Megan Rose’s exhaustively researched piece in ProPublica, co-published with Vanity Fair, traced the trial, conviction, and sort-of exoneration of Fred Steese: after a judge declared him innocent of the murder he was alleged to have committed, he signed a little-known (and totally constitutional!) deal called an Alford plea. Rather than submitting to what could have been years of additional hearings to have his conviction formally set aside, the plea got him out of jail immediately — but kept the lid on the prosecutorial misconduct that put him there in the first place, and kept him on the books as a convicted felon.

Though unfamiliar even to some lawyers, the Alford plea has been around since a 1970 U.S. Supreme Court case. Henry Alford, a 35-year-old black man, had said he was innocent of murder but pleaded guilty to avoid an automatic death sentence. He later appealed, claiming that his plea was made under duress, violating due process. The Supreme Court disagreed. The justices ruled that it wasn’t unconstitutional to accept a guilty plea despite protests of innocence, so as long as a defendant had intelligently made the decision and was counseled by a lawyer.
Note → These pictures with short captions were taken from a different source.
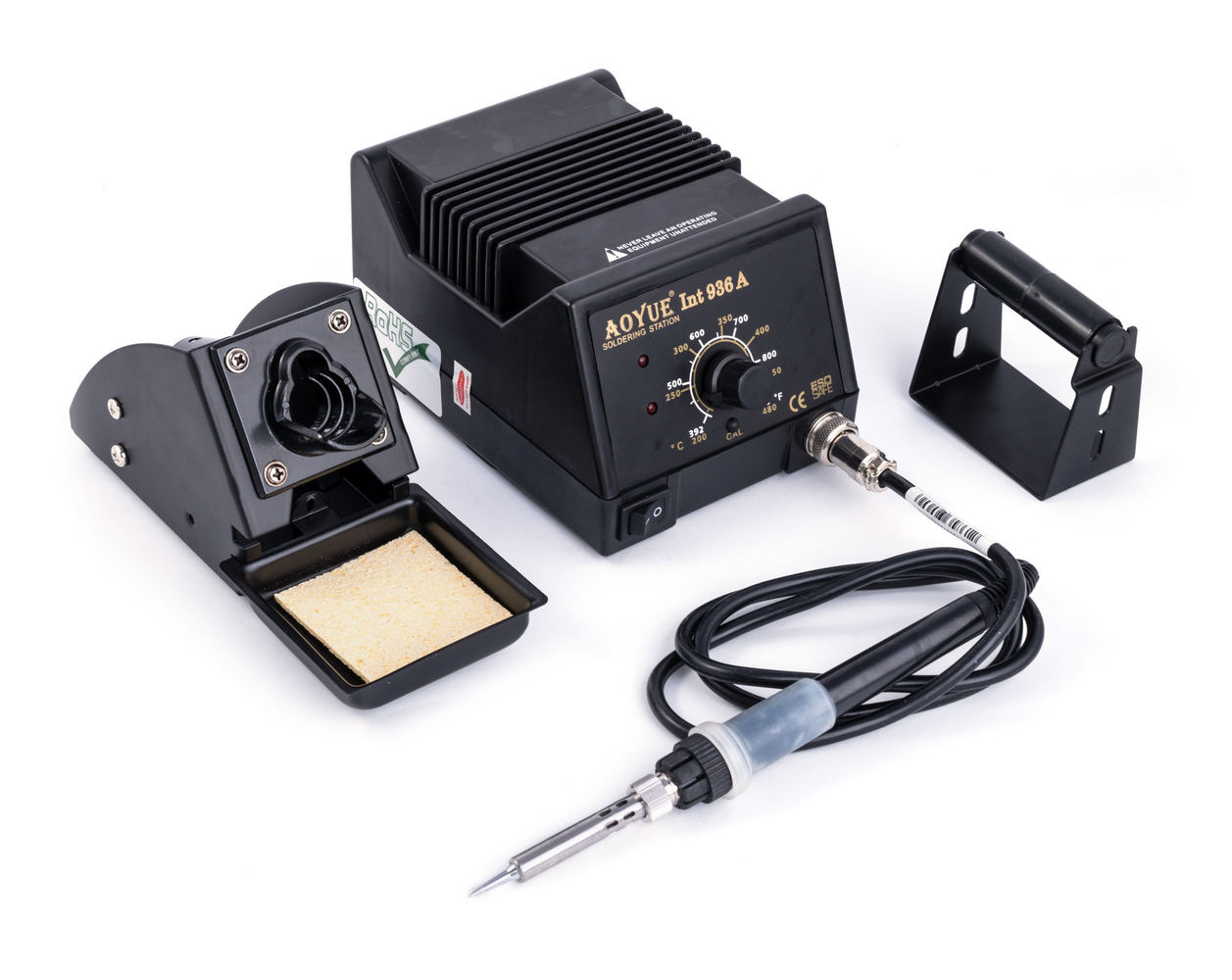Паяльная станция AOYUE Int 936A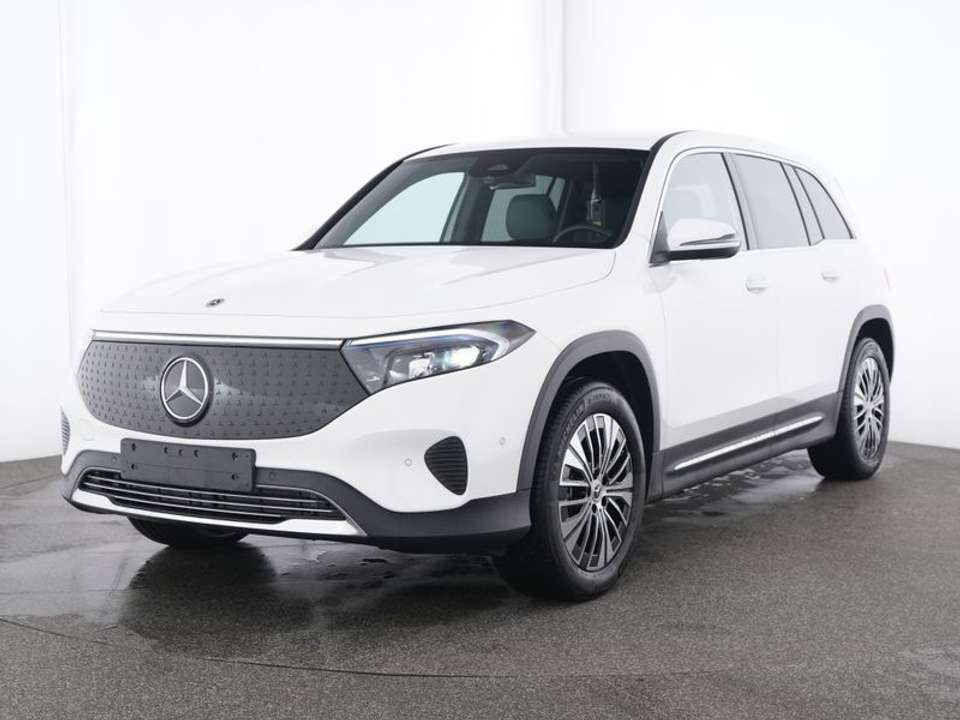 Mercedes-Benz EQB 250 - Imagem 1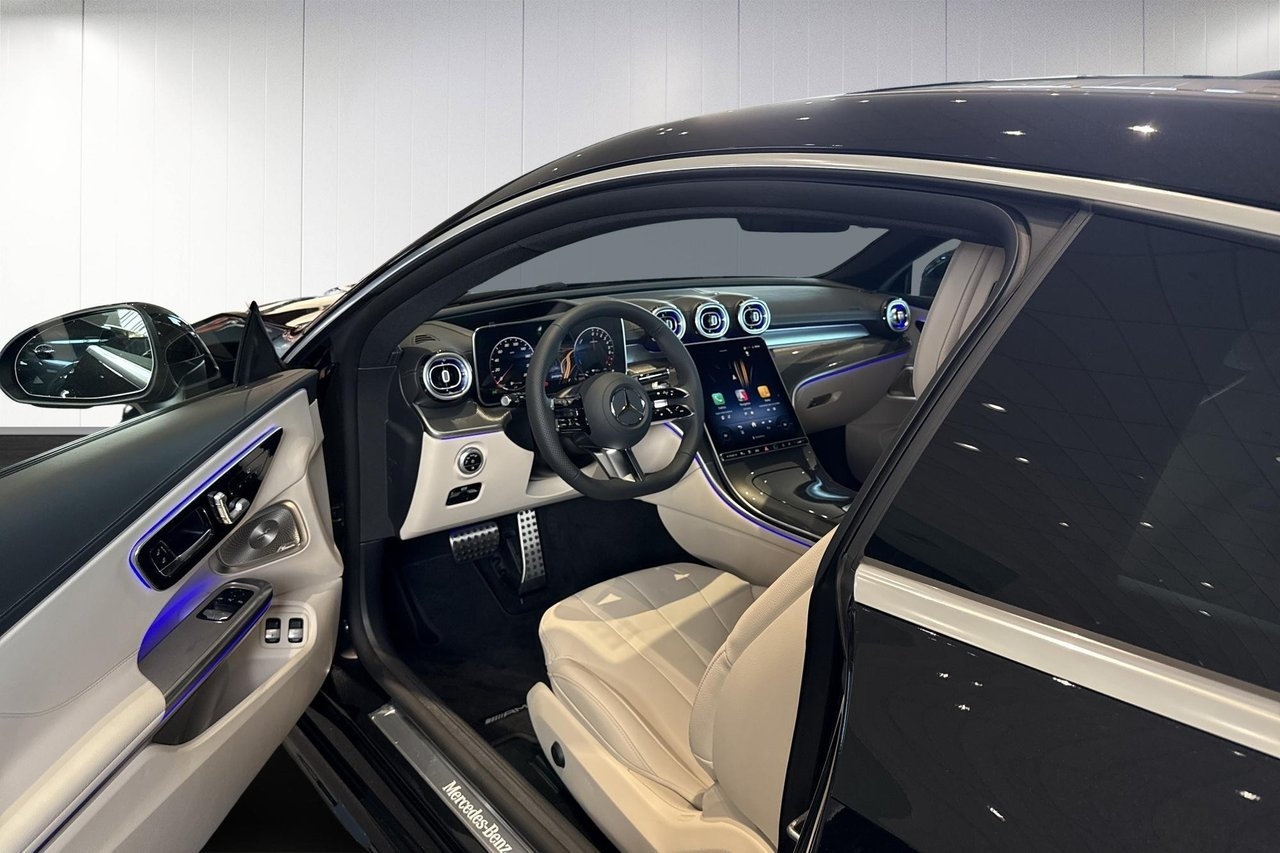Mercedes-Benz CLE 2027, bild 7/10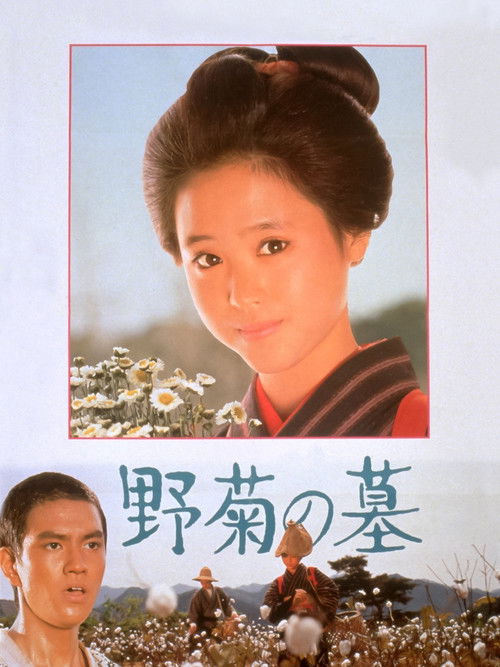 Movie poster for The Wild Daisy (1981)
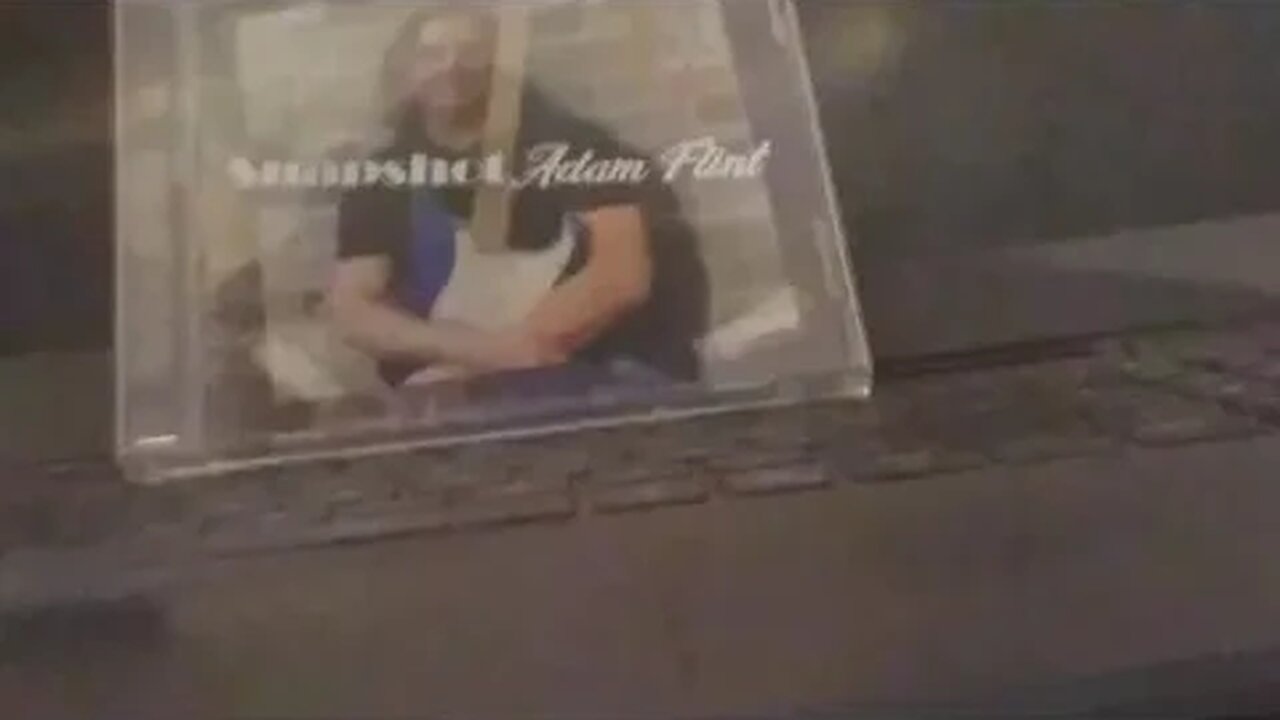 Premiering @8 PM EST LIVE Vid Call w The 1 & Only Adam Flint
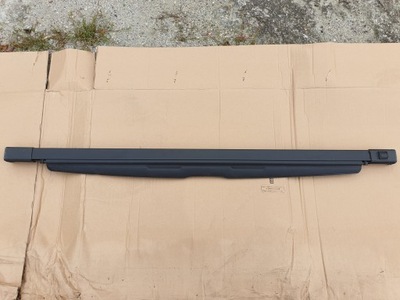 Шторка opel combo c 2001-2010 rok czarna ładna фото №1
Unlike the better-known no-contest plea, in which a defendant accepts a conviction without admitting guilt, the Alford plea lets a defendant actually assert his innocence for the record. The defendant acknowledges that the state might be able to get a conviction despite his or her innocence. All but three states allow the plea, but the federal government says it should be used only in “the most unusual of circumstances.” The Alford plea is most often used in bargaining before a conviction, like a typical plea deal, and could very well be taken by guilty defendants who simply won’t own up to their crimes. How often it is offered and accepted, and by what sort of defendants, isn’t tracked. Many prominent legal scholars, such as Cornell law professor John Blume, contend that prosecutors are using the plea to quickly and quietly resolve newly challenged convictions. It’s undeniably coercive for a prosecutor to tell someone who has been in prison 5, 10, 20 years that “you don’t have to admit guilt, just sign this plea and we’ll let you go,” Blume said.